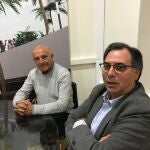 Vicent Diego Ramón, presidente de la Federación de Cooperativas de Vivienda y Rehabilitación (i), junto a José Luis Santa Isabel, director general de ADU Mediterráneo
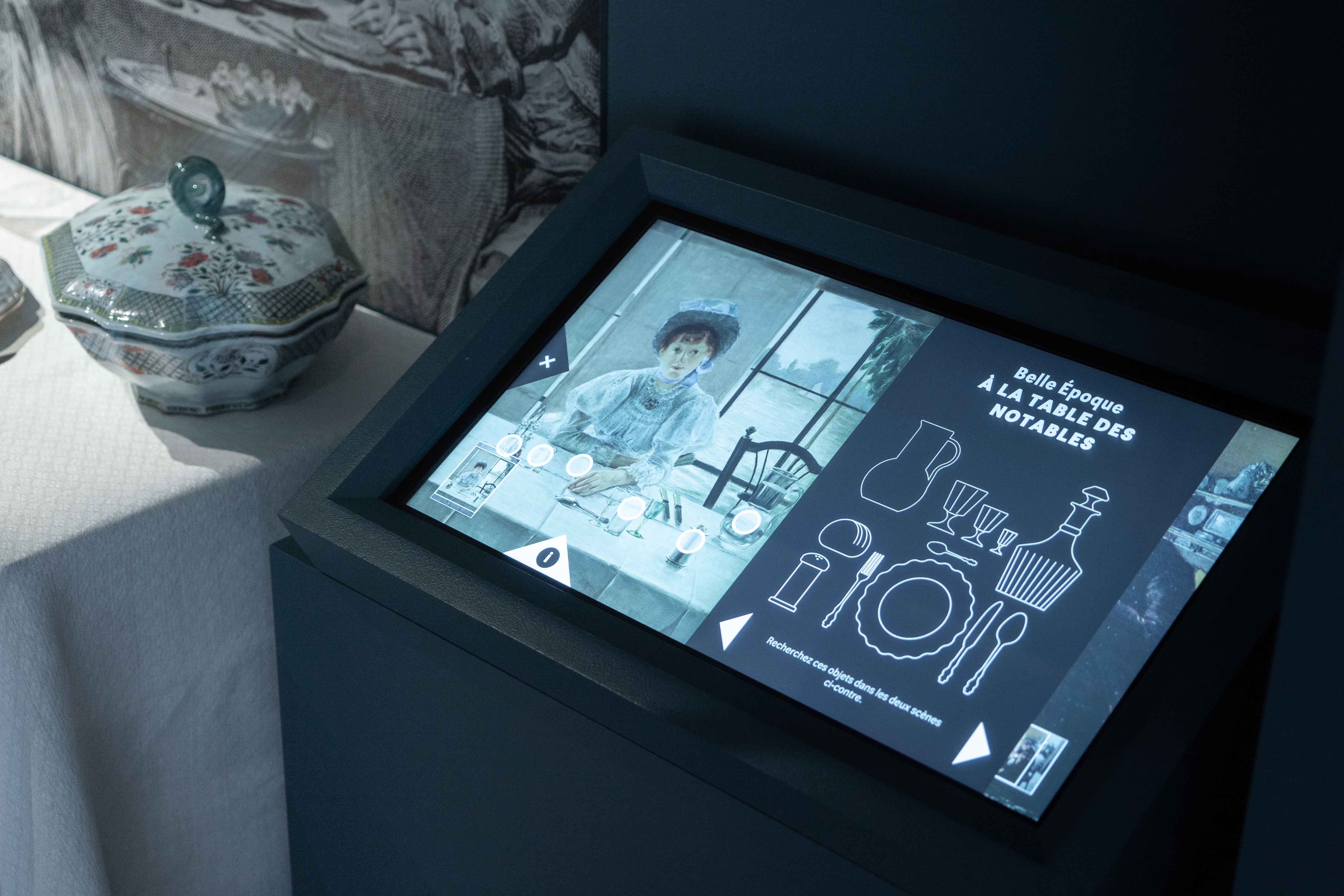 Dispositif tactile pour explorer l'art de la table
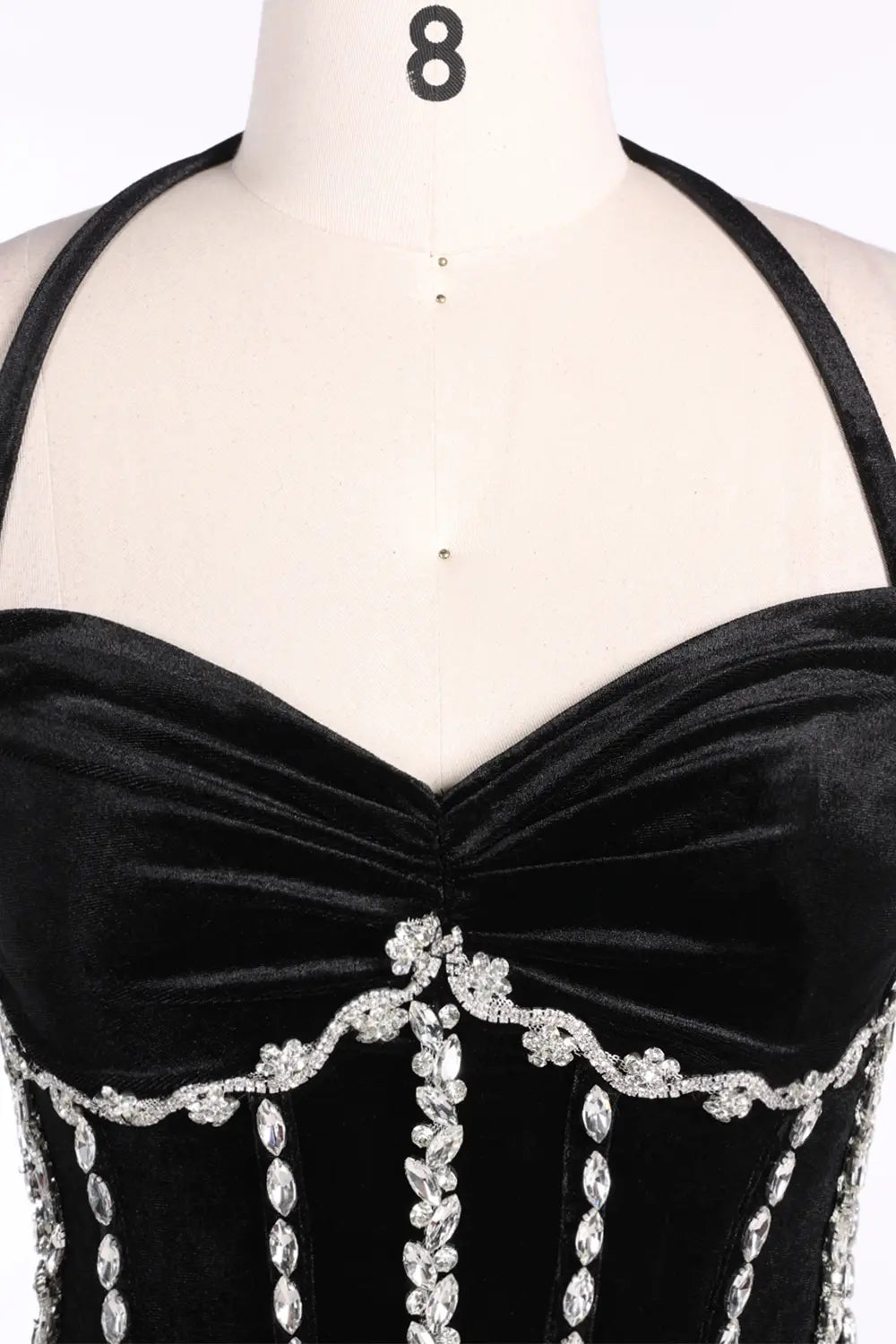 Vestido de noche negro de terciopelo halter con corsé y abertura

...

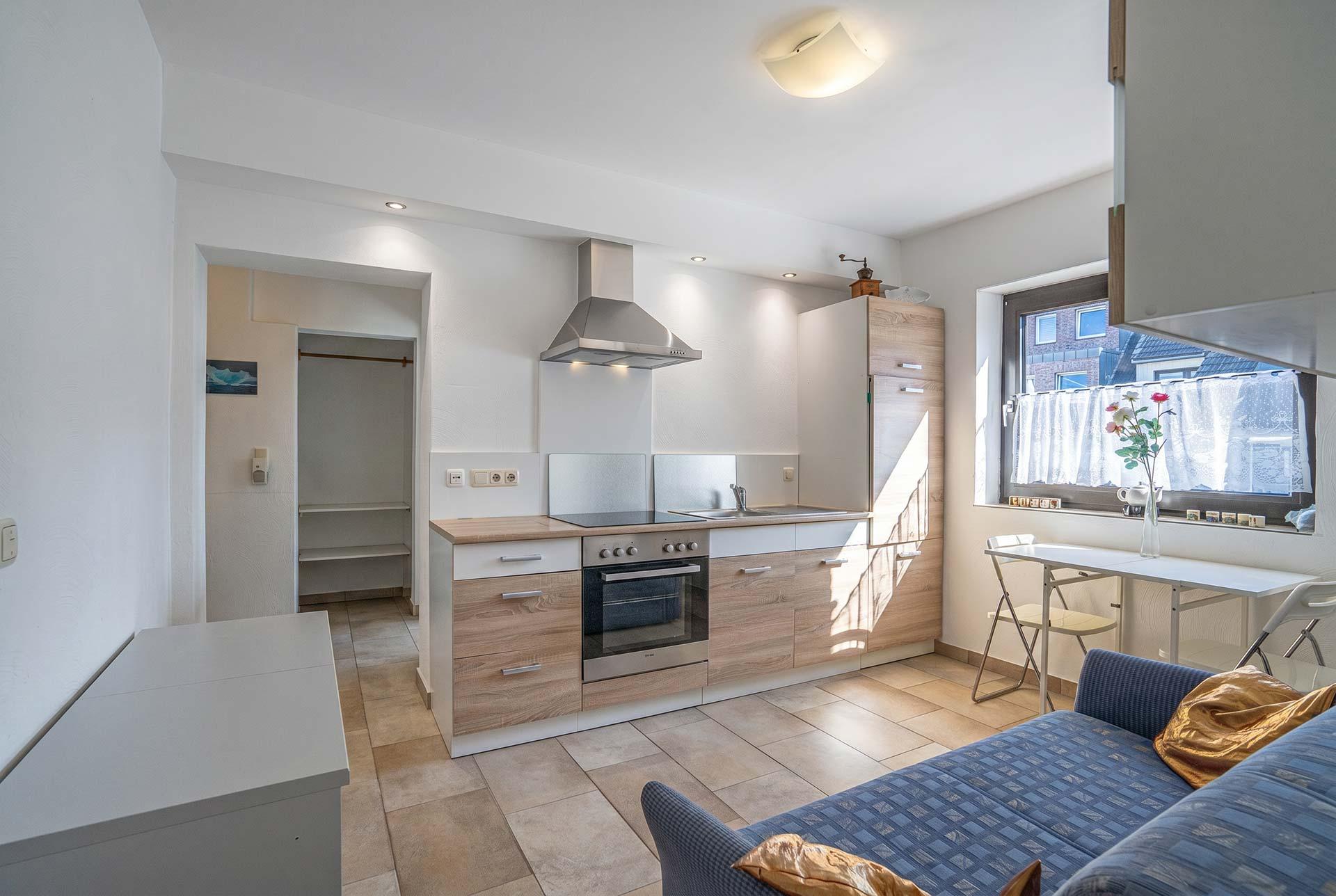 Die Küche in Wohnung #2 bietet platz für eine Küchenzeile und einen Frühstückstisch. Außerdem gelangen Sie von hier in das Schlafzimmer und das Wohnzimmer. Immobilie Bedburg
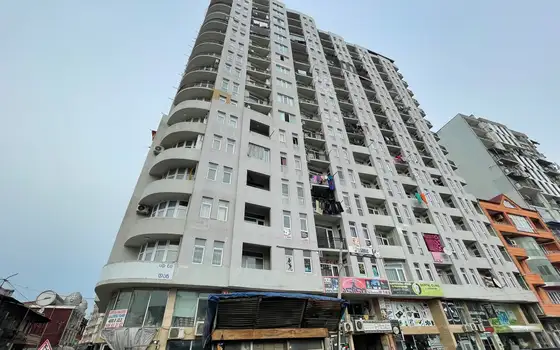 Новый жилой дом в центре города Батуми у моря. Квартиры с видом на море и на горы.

* * *

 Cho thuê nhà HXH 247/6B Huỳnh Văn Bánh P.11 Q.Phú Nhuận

How to complete this task. For the entries above, print exactly the lines between the one with "Die Küche in" and the one with "Новый жилой дом", inclusive, with no pictures.

Output for this task.
 Die Küche in Wohnung #2 bietet platz für eine Küchenzeile und einen Frühstückstisch. Außerdem gelangen Sie von hier in das Schlafzimmer und das Wohnzimmer. Immobilie Bedburg
 Новый жилой дом в центре города Батуми у моря. Квартиры с видом на море и на горы.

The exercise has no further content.